A Winning Bid
Menus replace catalogs when clients at Sotheby's, New York, repair to a restaurant designed by Dineen Nealy
Sheila Kim -- Interior Design, 3/1/2002 12:00:00 AM
At the gleaming New York headquarters of Sotheby's, the real action takes place in the expansive, Richard Gluckman–designed 10th-floor galleries and seventh-floor main saleroom. In conceptualizing a ground-floor restaurant for the building, located a cab ride away from the Upper East Side watering holes frequented by dealers and collectors, auction-house executives hoped to provide an alternative gathering place. They were also looking for a way to extend the dominant theme—of exhibiting and selling works of art—to a less formal context. "Sotheby's thought the restaurant should showcase art in a manner different from the rest of their offices," explains Dineen Nealy Architects principal Craig Nealy, who oversaw the project. "So we attempted to create a cozy, almost clubby environment." The resulting Bid, which seats 125, is equally keyed to the power-lunch crowd and potential buyers who might prefer to linger over a meal and enjoy the works on view.

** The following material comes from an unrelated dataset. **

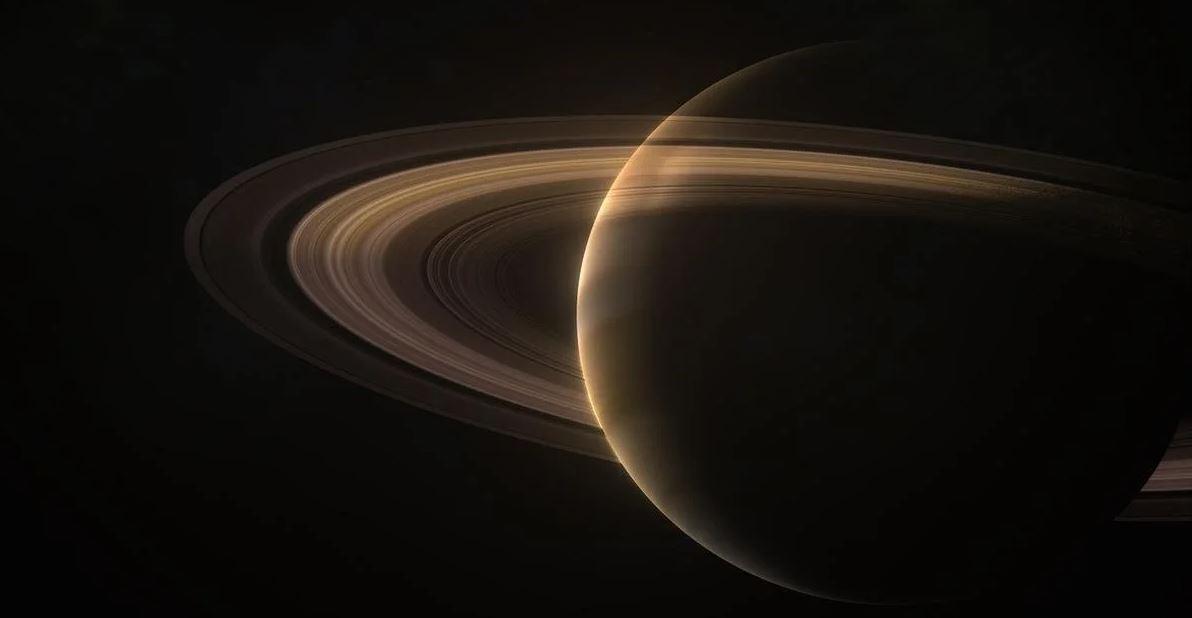 Long lost moon could have been responsible for Saturn's rings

The dining room's oversize seating provides a good vantage point from which to enjoy the revolving collection of paintings by blue-chip artists including Helen Frankenthaler, Adolph Gottlieb, and Willem de Kooning. To confer a sense of residential comfort, Nealy deployed a muted color scheme and snug materials, such as calfskin and chenille upholstery. Dramatic folded walls in laurel wood mark such key areas as the restaurant's entrance zone and illuminated alabaster bar. To play off the procession of rounded columns marching through the space, Nealy developed a circle motif: custom carpeting, overhead light fixtures and wall sconces in brushed stainless steel, and even club chairs' backs feature curvaceous lines. Shimmering chains of pewter-finished beads, subtly swaying with the air flow, veil the wraparound windows. Nealy chose this window treatment for its translucent quality: Passersby are permitted a view of the wheelers and dealers in the sunken dining room, while diners get a peek of the street activity beyond.